One of the most prominent items on this much-discussed "government out of control" list is budget deficits. Budget deficits are proof, we are told, that Washington cannot get its house in order. Budget deficits are bad. Budget deficits harm our children and grandchildren. Budget deficits weaken our international competitiveness. Budget deficits give us dandruff and fallen arches. If our politicians will not stop the deficits, then we must get new politicians. It's pitchfork time again!

It does not matter at all that none of those indictments of deficits are true, or that budget deficits are necessary and in general better than balanced budgets. Everyone believes that deficits are bad, so they must be bad. How long has "everyone" known this? Actually, only for about 16 years. Until Bill Clinton decided to stop defending the value and importance of deficits, it was still respectable in Washington to note that fiscal responsibility is not in any way correlated to balanced budgets.

Regular readers of this blog know that this is familiar territory for me. (Among many examples, see this FindLaw column from last summer and my Dorf on Law posts discussing that column, here and here). The Democrats seem unable to stop themselves from trying to use the balanced budget mantra in their favor, even though doing so prevents them from doing what they really should be trying to do in governing the country. When they have not only failed to make the case for deficit spending but have enthusiastically castigated deficits as the root of all evil, what do they expect people to do when deficits go up?

On Wednesday, I happened to watch a post mortem on the special election on The Rachel Maddow Show. The guest was Debbie Stabenow, a liberal Democratic U.S. Senator from Michigan (a state that currently is clinging to life only because of deficit-financed federal spending). Stabenow's first talking point was that George W. Bush and Republican Congresses had run up huge deficits, so Democrats should not be blamed for this bad situation. Maddow did not challenge Stabenow's presumption that deficits are bad.

Will they never learn?

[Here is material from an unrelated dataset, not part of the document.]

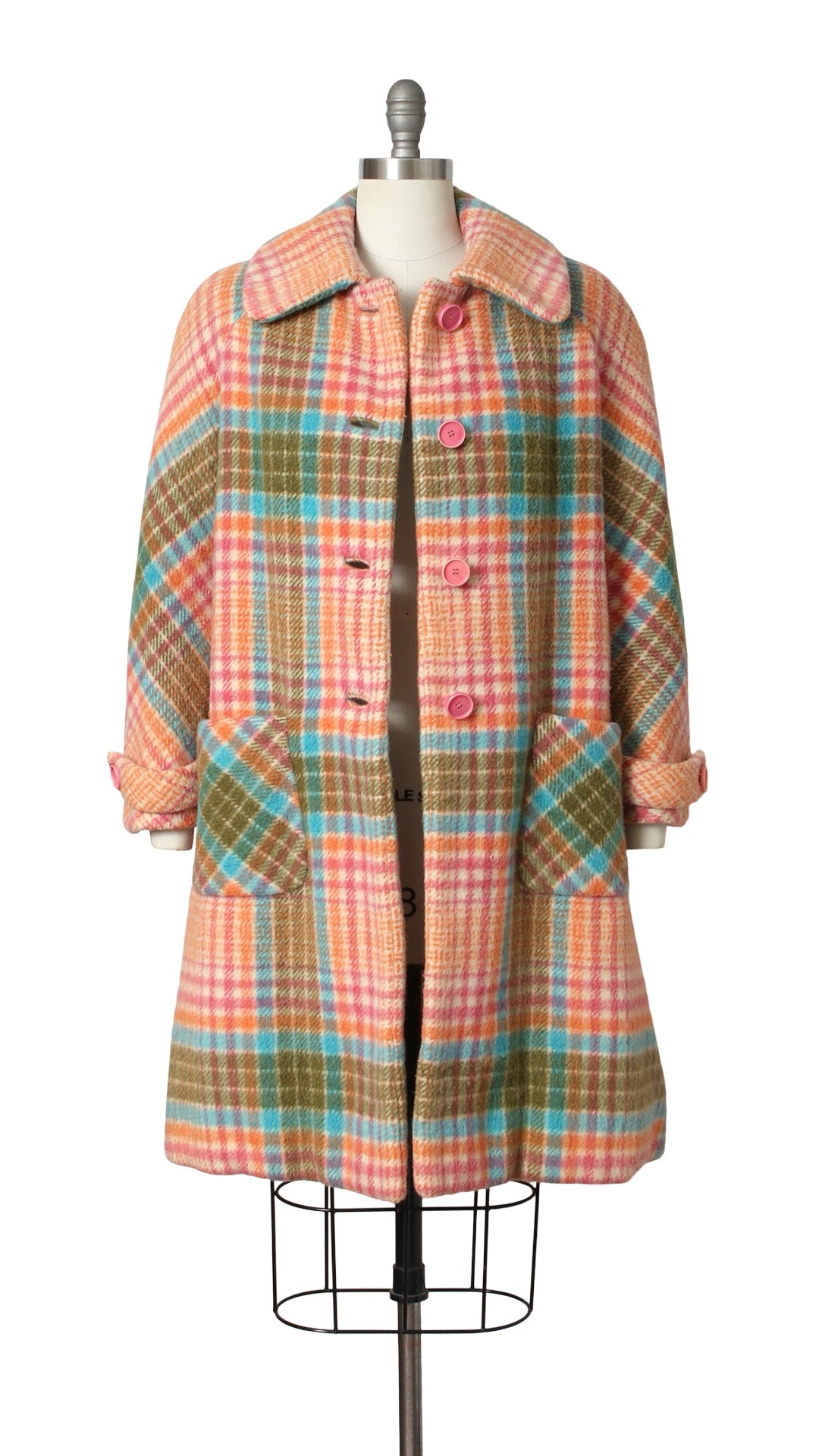 1960s Colorful Plaid Wool Coat | small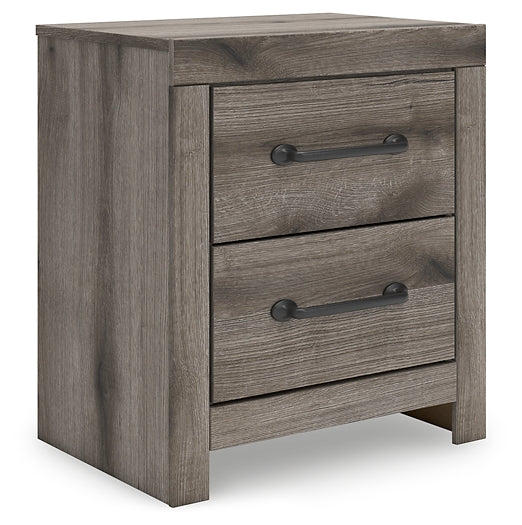 Graystorm Queen Panel Bed with Mirrored Dresser and Nightstand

Rather than finally realizing that they have helped Republicans build a faux-populist bonfire against truly responsible economic governance, Democrats go straight to blaming Republicans for this "bad" thing called budget deficits.

This is even worse than the first presidential debate in the Fall of 2008, in which John McCain announced that he would respond to the then-accelerating economic free-fall by cutting government spending. As I argued at the time, McCain's proposal would be the economic equivalent of "bleeding out the excess humors" from a human patient, as was common medical practice through the beginning of the 19th century. (Unsurprisingly, a lot of people died from blood loss.) Barack Obama merely smiled serenely and failed to challenge the premise.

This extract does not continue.